I feel good, as in gooooooooooooooooood !
This is a nice foil for the not-so-skippity-doo-dah I get when pondering the Over-Examined Life (read tallying up the goofs and glories of my past and finding the columns aren't stacked the way I'd prefer).
SO I won't over-examine this except to say a single recent email changed my perspective and helped me better define something I've found hard to conceptualize...Myself. We've all heard the old question "what use is history?"...at least I heard it a lot in school asked by those who thought there was no practical use in knowing history. But who are we apart from our histories? For some of us farther removed from our own histories, the blanks are hard to fill in and leave me, at least, feeling as if a really important part of me lacks definition. But I'm getting ahead of myself...back to the email.

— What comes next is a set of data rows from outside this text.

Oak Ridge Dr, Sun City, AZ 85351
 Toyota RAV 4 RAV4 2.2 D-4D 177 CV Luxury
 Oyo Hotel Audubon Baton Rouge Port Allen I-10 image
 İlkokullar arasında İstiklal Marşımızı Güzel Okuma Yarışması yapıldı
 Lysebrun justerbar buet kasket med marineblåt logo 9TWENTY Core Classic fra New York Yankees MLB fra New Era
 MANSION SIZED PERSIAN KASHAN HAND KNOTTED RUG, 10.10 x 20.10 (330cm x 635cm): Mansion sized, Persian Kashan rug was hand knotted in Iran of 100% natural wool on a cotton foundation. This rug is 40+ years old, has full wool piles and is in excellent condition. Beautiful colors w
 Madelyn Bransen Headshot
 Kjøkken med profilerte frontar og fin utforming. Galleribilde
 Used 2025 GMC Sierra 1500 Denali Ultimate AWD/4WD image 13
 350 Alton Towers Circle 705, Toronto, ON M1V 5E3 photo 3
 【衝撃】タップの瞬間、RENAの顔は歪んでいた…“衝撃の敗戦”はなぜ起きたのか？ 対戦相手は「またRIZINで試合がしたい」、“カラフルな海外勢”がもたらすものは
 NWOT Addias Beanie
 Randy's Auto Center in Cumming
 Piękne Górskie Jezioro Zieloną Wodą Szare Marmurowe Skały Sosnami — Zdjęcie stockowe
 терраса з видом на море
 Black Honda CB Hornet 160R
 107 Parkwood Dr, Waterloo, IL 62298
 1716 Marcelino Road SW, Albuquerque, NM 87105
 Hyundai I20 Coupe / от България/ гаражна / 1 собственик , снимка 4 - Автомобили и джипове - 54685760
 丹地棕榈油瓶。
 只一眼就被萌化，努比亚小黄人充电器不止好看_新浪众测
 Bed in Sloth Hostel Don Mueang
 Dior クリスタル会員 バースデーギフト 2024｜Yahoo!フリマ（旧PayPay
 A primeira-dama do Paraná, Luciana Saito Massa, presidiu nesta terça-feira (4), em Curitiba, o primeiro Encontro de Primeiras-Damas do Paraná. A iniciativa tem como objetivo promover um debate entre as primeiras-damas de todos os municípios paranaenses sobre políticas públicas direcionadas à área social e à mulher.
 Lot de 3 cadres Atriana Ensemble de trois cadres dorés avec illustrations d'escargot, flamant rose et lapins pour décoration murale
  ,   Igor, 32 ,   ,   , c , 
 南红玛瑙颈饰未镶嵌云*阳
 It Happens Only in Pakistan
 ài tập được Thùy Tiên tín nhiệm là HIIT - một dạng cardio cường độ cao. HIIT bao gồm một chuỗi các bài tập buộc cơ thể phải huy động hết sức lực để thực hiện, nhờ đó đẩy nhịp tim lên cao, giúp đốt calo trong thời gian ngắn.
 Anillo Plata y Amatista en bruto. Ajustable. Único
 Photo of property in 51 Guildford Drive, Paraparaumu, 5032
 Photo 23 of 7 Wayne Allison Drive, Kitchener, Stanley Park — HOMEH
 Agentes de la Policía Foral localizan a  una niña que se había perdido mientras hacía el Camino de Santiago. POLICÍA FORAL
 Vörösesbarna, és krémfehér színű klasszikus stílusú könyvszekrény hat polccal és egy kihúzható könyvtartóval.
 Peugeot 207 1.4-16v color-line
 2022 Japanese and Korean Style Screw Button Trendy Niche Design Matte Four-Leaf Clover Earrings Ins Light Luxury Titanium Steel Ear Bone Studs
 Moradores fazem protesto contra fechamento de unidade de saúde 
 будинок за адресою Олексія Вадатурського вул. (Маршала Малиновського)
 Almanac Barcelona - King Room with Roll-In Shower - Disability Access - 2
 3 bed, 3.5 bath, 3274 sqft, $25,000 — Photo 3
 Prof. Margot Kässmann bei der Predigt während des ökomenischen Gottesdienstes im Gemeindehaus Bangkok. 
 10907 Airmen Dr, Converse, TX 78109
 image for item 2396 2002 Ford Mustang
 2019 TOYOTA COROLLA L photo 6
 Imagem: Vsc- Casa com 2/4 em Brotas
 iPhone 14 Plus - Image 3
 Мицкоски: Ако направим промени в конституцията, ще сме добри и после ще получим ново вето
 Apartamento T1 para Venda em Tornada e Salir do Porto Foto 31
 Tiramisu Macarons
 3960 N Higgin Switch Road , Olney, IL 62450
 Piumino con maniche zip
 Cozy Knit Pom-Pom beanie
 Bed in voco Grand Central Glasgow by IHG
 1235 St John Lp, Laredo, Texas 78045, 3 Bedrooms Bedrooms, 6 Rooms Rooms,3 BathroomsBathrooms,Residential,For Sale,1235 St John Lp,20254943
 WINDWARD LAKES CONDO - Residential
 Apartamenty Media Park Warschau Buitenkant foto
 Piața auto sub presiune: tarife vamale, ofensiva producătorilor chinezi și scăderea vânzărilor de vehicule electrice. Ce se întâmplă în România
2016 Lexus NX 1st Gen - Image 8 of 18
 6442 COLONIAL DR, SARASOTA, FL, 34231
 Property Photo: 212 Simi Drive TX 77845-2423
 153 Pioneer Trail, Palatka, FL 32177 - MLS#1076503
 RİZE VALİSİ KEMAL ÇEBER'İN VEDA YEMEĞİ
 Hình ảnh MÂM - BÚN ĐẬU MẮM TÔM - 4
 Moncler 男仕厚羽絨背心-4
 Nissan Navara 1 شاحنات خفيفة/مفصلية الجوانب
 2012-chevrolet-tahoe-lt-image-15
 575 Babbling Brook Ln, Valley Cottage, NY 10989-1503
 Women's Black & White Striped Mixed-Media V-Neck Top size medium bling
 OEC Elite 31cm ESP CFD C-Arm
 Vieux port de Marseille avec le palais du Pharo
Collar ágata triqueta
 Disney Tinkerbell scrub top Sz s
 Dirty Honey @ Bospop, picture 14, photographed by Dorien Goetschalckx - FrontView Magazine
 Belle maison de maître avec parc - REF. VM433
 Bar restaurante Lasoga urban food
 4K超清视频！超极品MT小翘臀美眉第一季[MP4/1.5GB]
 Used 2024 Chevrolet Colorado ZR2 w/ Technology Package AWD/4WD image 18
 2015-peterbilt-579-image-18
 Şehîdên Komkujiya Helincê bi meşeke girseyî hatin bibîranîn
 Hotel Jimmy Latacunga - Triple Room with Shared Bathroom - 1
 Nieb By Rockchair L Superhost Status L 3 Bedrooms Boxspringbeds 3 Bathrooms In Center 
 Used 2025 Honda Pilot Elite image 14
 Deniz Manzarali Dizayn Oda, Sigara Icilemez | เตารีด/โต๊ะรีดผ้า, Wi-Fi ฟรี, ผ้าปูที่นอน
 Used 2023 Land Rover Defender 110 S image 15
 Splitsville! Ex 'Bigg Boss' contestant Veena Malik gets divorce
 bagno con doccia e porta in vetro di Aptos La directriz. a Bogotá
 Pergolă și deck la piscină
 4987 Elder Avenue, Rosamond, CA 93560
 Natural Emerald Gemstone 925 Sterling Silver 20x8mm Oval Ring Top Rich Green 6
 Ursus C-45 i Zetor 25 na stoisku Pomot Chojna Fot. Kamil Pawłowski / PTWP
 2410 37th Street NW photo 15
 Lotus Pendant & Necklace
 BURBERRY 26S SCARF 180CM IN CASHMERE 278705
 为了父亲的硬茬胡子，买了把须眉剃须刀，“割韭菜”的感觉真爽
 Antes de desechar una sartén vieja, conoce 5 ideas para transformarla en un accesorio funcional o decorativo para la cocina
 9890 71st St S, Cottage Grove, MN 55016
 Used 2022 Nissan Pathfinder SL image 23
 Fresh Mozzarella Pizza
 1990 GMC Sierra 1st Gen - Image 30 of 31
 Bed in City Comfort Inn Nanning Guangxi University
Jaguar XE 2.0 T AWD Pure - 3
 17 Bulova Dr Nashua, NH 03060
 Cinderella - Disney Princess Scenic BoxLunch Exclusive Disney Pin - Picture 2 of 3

It went something like this...
Sent my sis an email asking if she knew which of our great grandmothers was said to be Cherokee. It's a detail that came to me one day and I wanted to follow up on. Sketchy oral historical highlights from conversations past, always overheard by us children who weren't paying attention as much then as we would now, are elusive to my memory now. Ah, if we kids only knew to ask our oldtimers those questions back then (Smack to the head, arggh!)
Back to the email...
So ten minutes before I'm about to leave for that evening shift, I go to clear my email box and there's a reply from my sister. But it reads along the lines of "Grandpa and Family Documentary." Grandpa in our vernacular means my maternal granddad, since my paternal one was always referred to as Granddaddy.
What's so important about this, and remarkable (!!!), is that neither my sister or me are genealogically-savvy progeny though we came from a really amazing lineage of forbears...I know so because all the older family members I can remember were rugged individualists as well as loyal family people who, (but for a few exceptions thrown in for spice and spit), lived lives of hard work, integrity, and simplicity. They came from big families familiar both with country and city lives and stayed in touch and very connected through all of the major life ups and downs. Until the modern Disconnect...somewhere along the line the most recent generations, mine and my parents'...did ...what?? Got busy?? I have no idea what happened, but there's no venerable elder to access now to sit at the feet of (dangling partciple be darned) and glean the wisdom of the years and the tales of family. All I have are my own memories of my grandparents, which are a treasure.
My Grandma and Grandpa had a profound effect on my life and there are no two people I miss more. Since an estrangement from our own parents, my sister and I both have often felt the sensation of being shadowed by a great oak of past family, but not being able to firmly grasp any part of it...our own family past a history lost to us.
That may be a very American identity problem for some folks like me whose parents moved far from generational homeplaces in this faster and supposedly more globally accessible world. I'm a product of the busy-lifestyle melting pot, one of so many suburban gypsies orbiting independent of a lot of ties. No wonder I'm happier the more we simplify and attempt to put down roots, slow down, and invest in something with meaning. I've met some others so shed of their pasts that those pasts are unrecoverable. I've led a transitory life and have relocated over 22 times in my 43 years. I've needed something to anchor me to some part of my past, or at least I've wished for it, to carry it into the present.
Grandpa and Family Documentary proved to be a document compiled by my Grandpa's niece (still living) who somehow had (for how many years??) had in her possession two notebooks penned by my Grandpa's father. In his notebooks, he told his own story beginning with his earliest memories of his parents, from about the year1880. From when they "went West."
This niece transcribed the entire two notebooks into type with the only additions being the correction of some spelling errors and doublechecking names mentioned therein with a family tree book she had from her parents' side of the family.
So THERE, in pages and pages and pages in a computer file, was attached this HISTORY of MY OWN FAVORITE Grandpa...and I haven't even read it yet! Guess what I'll be doing the whole weekend besides resting for Shabbat??
This is something I give so much thanks for, and I'm totally thanking God not only that my relative went to the trouble to do this AND share it, but for the timing of it all. This is a time I can truly appreciate every detail and have something to pass down to my own daughter. Strangely, it helps me feel like I belong, though all the people mentioned in the journal are likely no longer alive. I can't adequately express how defining this is for me, but I'm SO VERY HAPPY!
And I had to share...I'm grateful for so many things. As always, God, my husband, my daughter, my friends (includes you guys!), my pup, my job and so much more. Friday night we'll shut things down for the weekly rest (yay!) and spend a lot of time in particular rereading the Exodus account since it's just about Passover.
To others, my great-Grandpa's journal might read about as interestingly as all the biblical "begats" lists, but even those anchor individuals in their times and their families and their heritages. Were our "begats" to be forgotten, we lose so much.
I can't wait to read it and to meet my lost family. For the first time.